The Family Drug and Alcohol Court (FDAC) National Unit supports 10 FDACs working in 15 courts across 23 local authority areas. A funding crisis means it is under threat of closure at the end of September.
The FDAC model co-ordinates the work of social workers and other professionals in assisting parents with problems related to drug and alcohol addiction. Through regular communication between the agencies and the judge involved with a case, the FDACs have been effective in keeping children with their parents rather than them entering the care system on a long-term basis.
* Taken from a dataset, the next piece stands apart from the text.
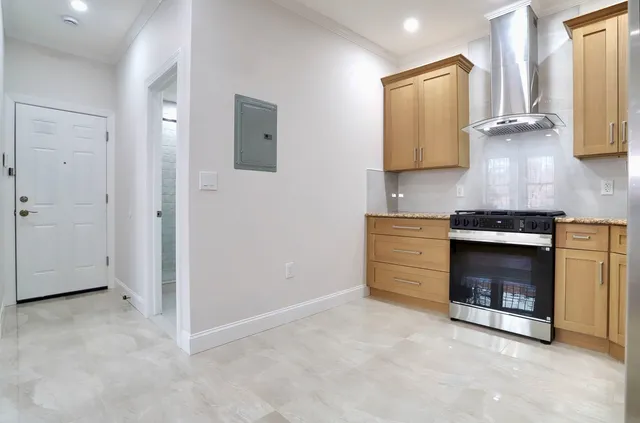 a kitchen with granite countertop cabinets stainless steel appliances and a sink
The Manchester- and London-based firm Hall Brown has been raising money to try to save the service. James Brown, a founding partner at the firm, told Legal Action: ‘We only undertake private family law work, we don’t do legal aid or care work, but we do know the value that FDAC adds with its problem-solving approach to some of the most difficult cases the courts face.’ When it heard about the funding crisis at the unit, his firm launched an appeal to, among others, the top 50 private family law firms to save the service.
So far, Hall Brown has received pledges of £100,000 over the next three years to support the work of the unit. One donor has agreed to make the amount up to £125,000 if the government matches this cash to reach the £250,000 needed each year to run the service.
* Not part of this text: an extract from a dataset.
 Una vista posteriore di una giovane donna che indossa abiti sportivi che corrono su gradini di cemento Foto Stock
Brown says he is ‘disappointed with the response from the family law community’: some are taking the view that they should ‘not let the government off the hook’, while other firms have already committed to other charity donations. Hall Brown has not approached legal aid firms for help as it recognises ‘such firms make little or no profit’.
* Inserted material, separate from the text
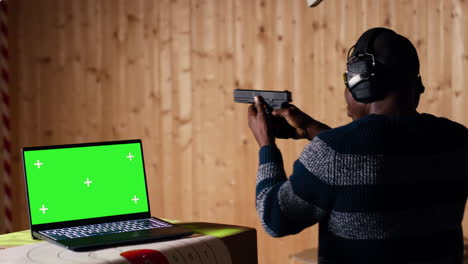 chroma key notebook and shooting range customer reloading pistol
Hall Brown is working with parliamentarians to persuade the government to come up with the extra cash. ‘We are not letting go of this,’ Brown said, as he believes the unit plays a vital role in supporting the courts and persuading local authorities to establish FDACs locally. According to him, the family courts need to ‘head away from the binary right or wrong system’ on the care arrangements for children. He is of the opinion that the FDAC approach of getting the parties to ‘sit down in the round and try and fix it’ is deserving of government support as it works for families and ultimately makes savings to the public purse.